In one letter, dated April 4, a man urged a friend to leave behind worldly concerns and come join a "beautiful" war against Shiite "nonbelievers" and Americans. "This is like Iran, there are many Shiites and we need to fight them," he wrote. "We are in another Kandahar, and we will burn the Americans." Kandahar, a city in Afghanistan, was the religious stronghold of the Taliban, the extremist Sunni militia that was toppled by U.S.-led forces in 2001.

There were also notebooks with instructions on how to make a bomb and where to launch attacks against American facilities in Baghdad, 35 miles east.

As they listened to the letters being translated, the young Marines looked incredulous. Then someone opened a wallet that contained drawings of U.S. military insignia, evidently meant to pick out important targets. "I see captain and lieutenant, but no warrant officer. Guess I'm safe," said one Marine with a nervous laugh.

The squad examining the shed also inspected several other weapons caches in the abandoned factory zone Sunday, including a freezer full of mortar rounds and a pile of rice sacks from Vietnam that contained machine-gun ammunition. Officers said most of the material would be detonated or destroyed.

‘This is the job that needs to be done’
After the troops finished their work, they left several riflemen on guard, wishing them a happy Easter, and headed back to their command post in an empty pottery and carpentry workshop. Some rested in dust-covered armchairs; others gathered around a corporal who was being treated for a shrapnel wound in the knee.

"When I saw those [suicide] vests, I thought those people obviously don't value life," said one staff sergeant, shaking his head in bewilderment. A 20-year-old corporal, Philip Dennis, said he had expected to be building schools in Iraq, not dodging mortar shells.

"I'm a humanitarian person, and I don't believe in killing for no reason, but I guess this is the job that needs to be done," he said. On his first day of combat, Dennis recounted, he climbed on a roof and was astonished to see dozens of black-robed insurgents with AK-47 rifles. "I had no idea they had so many people, and I realized this was very big." He paused and added, "We killed a lot of them."

A few minutes later, a Navy chaplain arrived at the command post in a Humvee to hold a brief Easter communion service, which he repeated at two more front-line posts.

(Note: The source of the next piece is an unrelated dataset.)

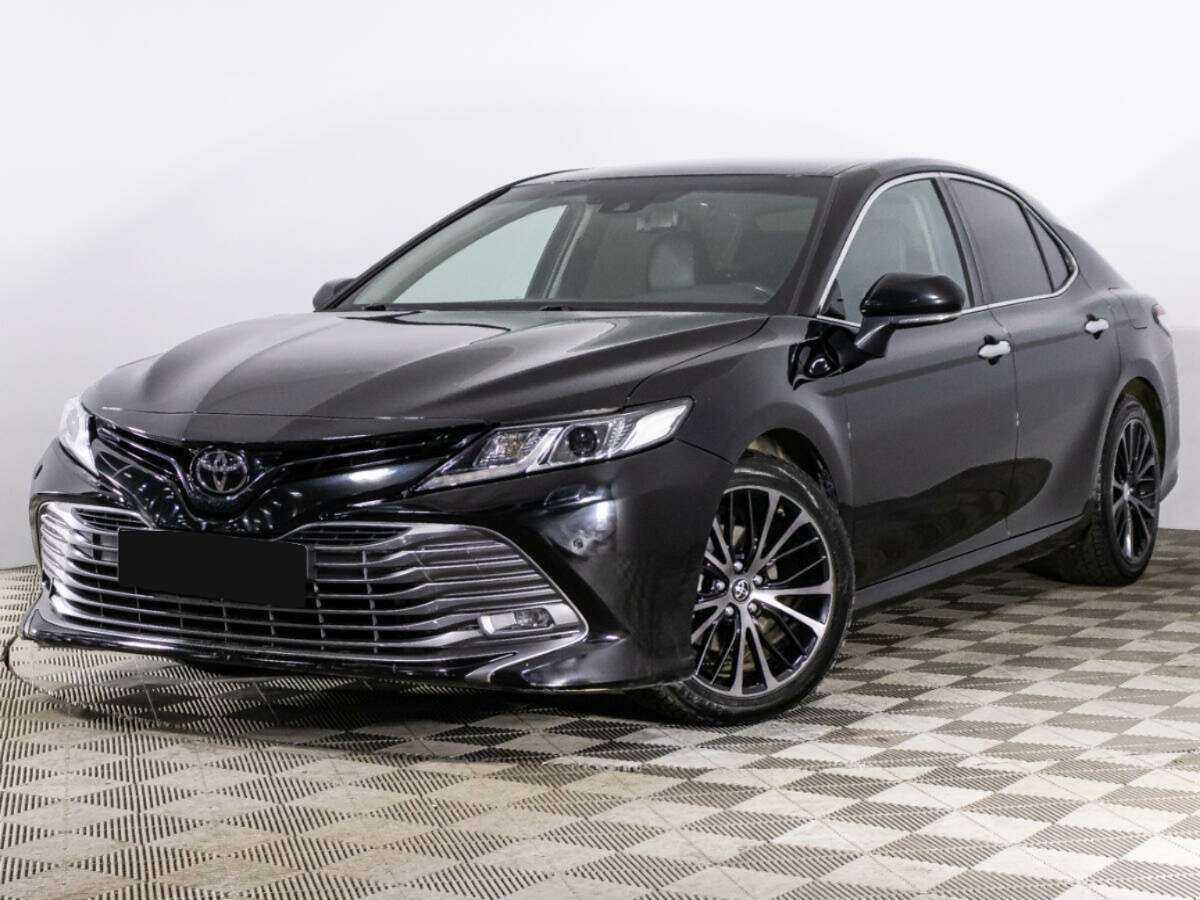 Купить Toyota Camry, 2018, 107 341 км.. Посмотреть фото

"God, we pray that our actions here give some glory back to you," said Navy Chaplain Wayne Hall, 36, who set up his communion vessels on a factory workbench. "We live in grace even here, and we are not afraid of death. ... None of us wants to die here, but death is the blink of an eye, and you wake up in paradise."

One young corpsman, tending to an injured man in his command post, said he had little time to think about Easter but a great deal to live for. Picking up his helmet, he displayed a snapshot of his baby son glued to the inside.

He also said he was keeping a war diary that he would eventually take home to California. One entry was addressed to his wife, in Spanish and dated April 6 -- two day after the suicide squad member had written to his friend in Arabic, urging him to become a fellow martyr in the "beautiful" war against Shiites and Americans.

"Hello my dear, how is my precious boy?" the Marine's letter began. "We are in the middle of the most dangerous operation in the world. Thousands of Marines are united in this battle to eliminate terrorists from this city. Last night we got in a fierce firefight and I could see the explosions and rockets going up in the sky. Tonight I expect an even more dangerous mission, and I hope I can write you again tomorrow and tell you how it went."